Alone on Yom Kippur?


There are many Jews who are alone on Shabbat or on the Festivals who would desperately wish they were with a family, or amongst other Jewish friends, and who feel this ache especially acutely at times like Rosh Hashana and  Yom Kippur If you are going to be alone  this Yom Kippur, these words are for you:

In Kuntres M’arat ha-Lev I wrote:

“The contemplative is always in community, whether that be a handful of neighbours, a family, a circle of distant friends kept often in mind, or the people they meet briefly or correspond with. Even if they were in total solitude they would still be part of the community of Creation: Responsible not only for themselves but for everyone. This is not just my own reflection. It is one which permeates the liturgy of Yom Kippur.  

The  Arizal asks:

“Why was the confession composed in the plural?

Because all Israel is one body and each individual Jew is a limb of that body.

We are all responsible for each other …”

Yesod ha-Teshuvah 6

 

Prayer is one of the deepest and most selfless forms of caring for others that we are privileged to exercise as human partners in the Divine Plan.

It is a hidden activity which does not draw attention to the ego, and it can be exercised not just by Leviim and Kohanim, but by anyone with a good and pure intention. Such profound and atoning prayer may be performed in physical solitude or in the midst of a congregation— It is a paradox of Jewish prayer that it is always communal and (at its most profound) always a matter of an individual’s intimate communion with G-d.

When it is performed in solitude one never prays “outside” the community, and when one prays in the company of other daveners, the real “business” still takes place in the sanctuary of one’s own heart.

In Vayikra we read the instructions for the High Priest on Yom Kippur:

“And there shall be no man in the tent of meeting when he goes in to make atonement for the holy place, until he comes out after having made atonement for himself, and for his household, and for all the assembly of Israel.”

Vayikra 16:17

Though the vast majority of halakhic commentaries on the liturgy place communal prayer in a firm position of superiority over individual prayer, and though the strictest and most physical conception of  “ minyan ” is the one which has prevailed to this day—the fact remains that the principal prayer in our principal liturgical ceremony, on our most holy day is  performed by a single individual in clearly commanded isolation.

He enters and prays alone, but (as his vestments underline) the High Priest takes the whole community on his shoulders and bears them on his heart.  So do we if we bind ourselves to the whole Community of Israel and to those we pray for.  We may pray alone, but if our prayer is to be true—we never pray without this awareness of the community.

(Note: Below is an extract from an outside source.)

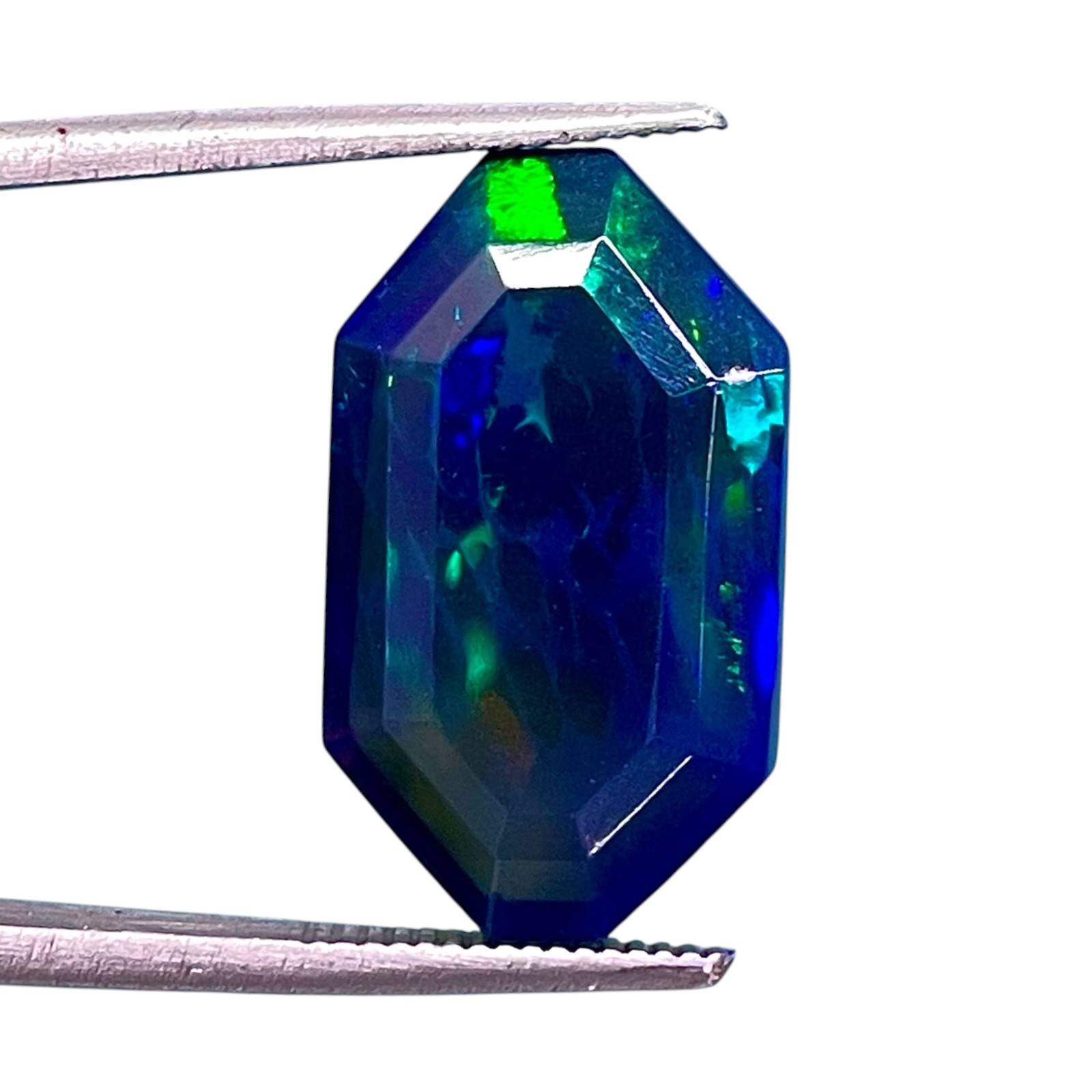 6.50 Cts Natural Ethiopian Black Opal 18x10mm Fancy Cut Multi Flash Gemstone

Rabbi Levi Yitzchak of Berditchev said that a person who prays with sincerity is actually standing in the Holy of Holies when they pray, and that such a person’s upheld hands are like the wings of the keruvim above the ark.

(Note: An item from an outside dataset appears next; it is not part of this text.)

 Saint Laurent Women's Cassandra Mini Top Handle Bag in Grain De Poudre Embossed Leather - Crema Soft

On Yom Kippur. Each of us  is  a High Priest in the Inner Sanctuary of our Hearts.

oooOooo

Along with all other full-time contemplatives I have attempted to turn my solitude into a positive lifestyle. I persist (since  2003) in claiming that such such solitude is not loneliness if it is  viewed and  practiced as a form of active participation in the  communal life of Knesset Yisrael. 

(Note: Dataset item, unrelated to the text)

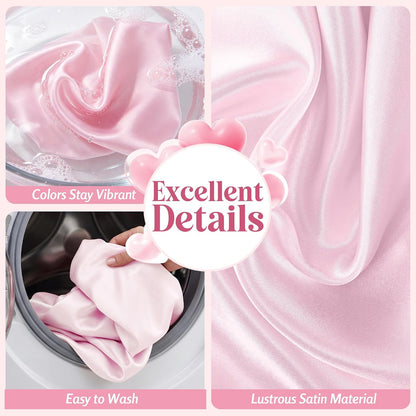 120 Inch Light Pink Round Satin Tablecloth Overlay Seamless Table Cover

Such an eremitic lifestyle would not suit many Jews, but this year, and every year, there will be millions of Jews who are unavoidably isolated and simply unable to attend any form of communal worship over the High Holiday season. 

There will be many who, rightly or wrongly, also feel unwelcome at such gatherings even if they are physically able to attend them.

There will be  those who are in the depths of spiritual trials and  who actually choose not to attend religious services on Yom Kippur.


If you are alone this Yom Kippur…whether by choice or circumstance…..I invite you to make a “special remembrance” in your prayers for those  other Jews who are also “alone”.

 Together, may it please God, may we make a sort of minyan which meets in intention if not physically. 

If you are fortunate enough  to attend congregational worship on Yom Kippur ...I invite  you to remember those who are alone and  not present in the synagogue.

For despite  geographical, social, or ideological distances

We are  all of us One Israel.

All of us  together—each of us  alone.